▶ Work request: Starting at the first line of the data below, write out each line exactly until you reach the line containing "Kosovar Flag, Flag of Kosovo Button (Front)", and include that line too.

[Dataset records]
::::
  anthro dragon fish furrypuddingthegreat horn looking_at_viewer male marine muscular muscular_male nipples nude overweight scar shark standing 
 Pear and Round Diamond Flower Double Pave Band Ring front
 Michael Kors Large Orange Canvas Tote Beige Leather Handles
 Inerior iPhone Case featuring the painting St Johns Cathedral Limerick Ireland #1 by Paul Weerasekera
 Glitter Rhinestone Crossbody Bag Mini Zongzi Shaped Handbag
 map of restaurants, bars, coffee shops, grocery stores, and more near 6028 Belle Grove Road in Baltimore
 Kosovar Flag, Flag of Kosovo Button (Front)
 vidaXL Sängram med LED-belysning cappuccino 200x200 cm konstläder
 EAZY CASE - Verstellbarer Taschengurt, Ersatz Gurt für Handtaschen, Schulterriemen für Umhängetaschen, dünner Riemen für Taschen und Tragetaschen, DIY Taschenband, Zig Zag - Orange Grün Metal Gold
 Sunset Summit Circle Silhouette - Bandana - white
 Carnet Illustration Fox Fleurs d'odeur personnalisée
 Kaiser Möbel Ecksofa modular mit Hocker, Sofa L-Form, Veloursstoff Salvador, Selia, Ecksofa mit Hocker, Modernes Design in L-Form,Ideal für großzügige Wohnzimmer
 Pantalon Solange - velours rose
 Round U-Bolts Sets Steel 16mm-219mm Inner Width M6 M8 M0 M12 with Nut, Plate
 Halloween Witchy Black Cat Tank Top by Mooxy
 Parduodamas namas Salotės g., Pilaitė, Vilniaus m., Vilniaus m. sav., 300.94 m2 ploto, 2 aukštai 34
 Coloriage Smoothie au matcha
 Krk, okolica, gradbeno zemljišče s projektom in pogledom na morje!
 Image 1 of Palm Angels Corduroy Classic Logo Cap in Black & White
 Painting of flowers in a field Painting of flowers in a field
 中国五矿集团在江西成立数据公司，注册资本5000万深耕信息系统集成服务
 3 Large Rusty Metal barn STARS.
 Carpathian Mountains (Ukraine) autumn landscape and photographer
::::
▶ Response to the task:
  anthro dragon fish furrypuddingthegreat horn looking_at_viewer male marine muscular muscular_male nipples nude overweight scar shark standing 
 Pear and Round Diamond Flower Double Pave Band Ring front
 Michael Kors Large Orange Canvas Tote Beige Leather Handles
 Inerior iPhone Case featuring the painting St Johns Cathedral Limerick Ireland #1 by Paul Weerasekera
 Glitter Rhinestone Crossbody Bag Mini Zongzi Shaped Handbag
 map of restaurants, bars, coffee shops, grocery stores, and more near 6028 Belle Grove Road in Baltimore
 Kosovar Flag, Flag of Kosovo Button (Front)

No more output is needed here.